By Julia DiGiacomo
#MeToo movement founder Tarana Burke shared her vision for the global phenomenon of solidarity with survivors of sexual harassment and assault Tuesday evening in the IMU.
Burke has been devoted to civil-rights activism and social-justice work for more than 25 years. She is the senior director of Girls for Gender Equity in Brooklyn, New York, and works to support survivors of sexual abuse. She was also featured in a group of “silence breakers” as one of Time’s 2017 people of the year.
Burke shared the moments that first inspired her to work to help survivors of sexual violence heal. While working at a youth leadership camp, a young camper revealed to Burke her story of sexual violence. At the time, Burke found it difficult to tell the young girl that sexual assault had affected her as well.
“The one thing I couldn’t focus on and I couldn’t tell her was that this had happened to me, too,” Burke said. “As soon as she walked away, I realized that was all I needed to say.”
Burke said the movement was born inside of her in that moment.
Contrary to popular belief, the #MeToo movement did not begin in 2017. Burke first coined the phrase in 2006 to support young women of color who survived sexual abuse. She founded Just Be Inc. specifically to assist young women of color.
“Me too really was born out of taking a step back and trying to think about what I needed at this age,” Burke said. “What could someone have said to me at 14 or 12 or 9 that would have changed the trajectory of my life?”
The national conversation on sexual violence picked up wide-scale momentum in October 2017 after numerous powerful men, including movie mogul Harvey Weinstein, were accused of sexual abuse and harassment — the #MeToo campaign became rampant across social media.
Burke said 12 million people shared the hashtag in the first 24 hours.
Burke emphasized, however, that this was not a movement centered on taking down powerful men.
“This is a movement for survivors. This is a movement about making sure survivors have the resources they need to craft their own healing journey,” Burke said. “It’s about making sure that the most marginalized amongst the survivors have the resources that they need first.
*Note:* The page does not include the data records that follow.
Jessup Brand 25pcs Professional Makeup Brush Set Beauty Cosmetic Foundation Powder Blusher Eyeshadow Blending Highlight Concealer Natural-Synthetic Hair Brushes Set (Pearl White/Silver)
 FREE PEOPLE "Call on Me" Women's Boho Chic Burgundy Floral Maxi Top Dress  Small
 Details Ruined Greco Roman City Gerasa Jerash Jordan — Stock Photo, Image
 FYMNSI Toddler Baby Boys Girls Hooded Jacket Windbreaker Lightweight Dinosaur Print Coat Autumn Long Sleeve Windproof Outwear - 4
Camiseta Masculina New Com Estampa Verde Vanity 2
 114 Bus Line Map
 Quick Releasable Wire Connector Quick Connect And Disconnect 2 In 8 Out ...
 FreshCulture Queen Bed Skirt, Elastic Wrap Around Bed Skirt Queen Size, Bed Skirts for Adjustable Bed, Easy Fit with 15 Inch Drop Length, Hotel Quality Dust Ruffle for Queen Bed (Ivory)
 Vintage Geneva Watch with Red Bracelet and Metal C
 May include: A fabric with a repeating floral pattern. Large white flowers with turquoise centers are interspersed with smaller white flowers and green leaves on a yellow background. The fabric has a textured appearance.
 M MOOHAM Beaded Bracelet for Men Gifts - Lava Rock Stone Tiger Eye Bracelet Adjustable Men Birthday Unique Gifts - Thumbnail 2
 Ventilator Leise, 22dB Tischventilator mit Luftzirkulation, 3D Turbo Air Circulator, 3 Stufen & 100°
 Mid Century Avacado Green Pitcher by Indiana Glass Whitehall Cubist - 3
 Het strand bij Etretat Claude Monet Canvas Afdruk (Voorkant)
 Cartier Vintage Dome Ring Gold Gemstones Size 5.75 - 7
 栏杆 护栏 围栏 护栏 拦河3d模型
It’s about harnessing the power that we have as survivors.”
Burke’s lecture was hosted and coordinated by the University Lecture Committee and sponsored by the UI Interfraternity Council.
“Our committee is always looking to address the big issues facing not only our community but the country as a whole,” Lecture Committee member Caleb Bell said. “We want to be able to bring [the conversation on sexual assault] to Iowa City.”
Lecture Committee member and UI student Jamie Porter said sexual assault is an issue that affects everyone.
“The UI, like many college campuses across the nation, has been affected by sexual assault and violence, [it] impacts everyone,” Porter said. “But like we have seen this past year, there are people who are wholly dedicated to ending sexual assault and violence.”